## WHAT TO DO
I'd like the data beneath this line reproduced exactly, without any of its images.

## GIVEN MATERIAL
====
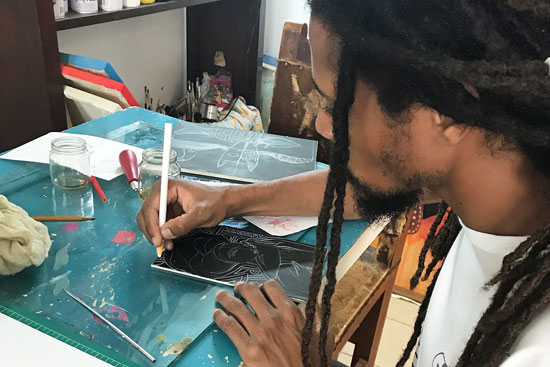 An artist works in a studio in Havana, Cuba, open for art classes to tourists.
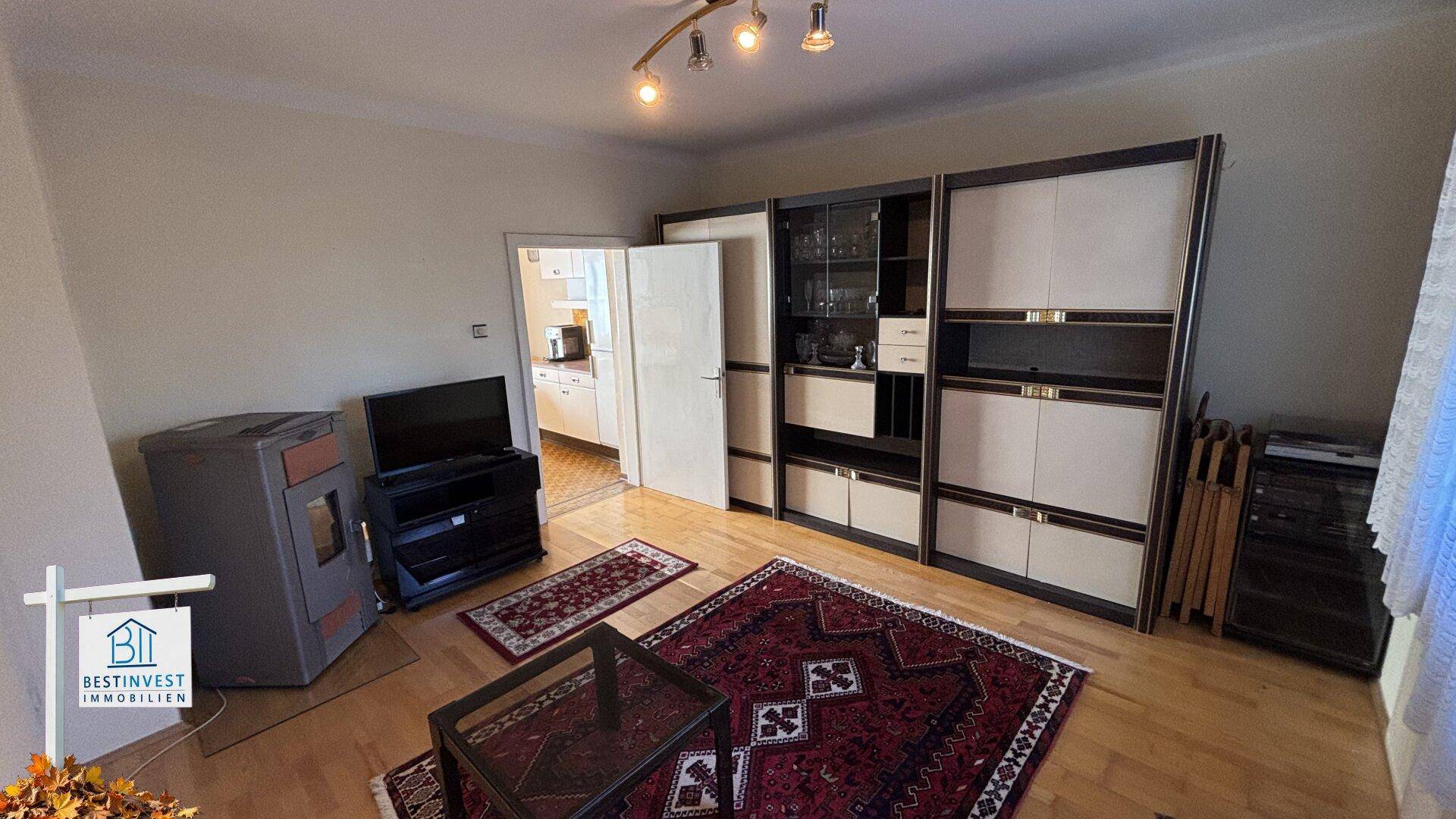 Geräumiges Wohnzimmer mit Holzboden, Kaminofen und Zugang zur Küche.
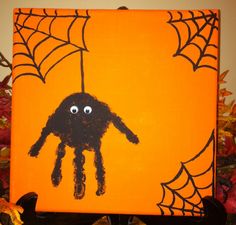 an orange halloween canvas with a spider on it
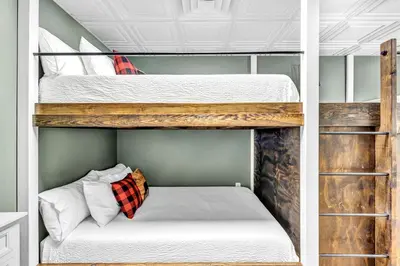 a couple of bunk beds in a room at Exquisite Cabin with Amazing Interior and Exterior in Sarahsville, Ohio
====
## RESULT FOR THIS TASK
 An artist works in a studio in Havana, Cuba, open for art classes to tourists.
 Geräumiges Wohnzimmer mit Holzboden, Kaminofen und Zugang zur Küche.
 an orange halloween canvas with a spider on it
 a couple of bunk beds in a room at Exquisite Cabin with Amazing Interior and Exterior in Sarahsville, Ohio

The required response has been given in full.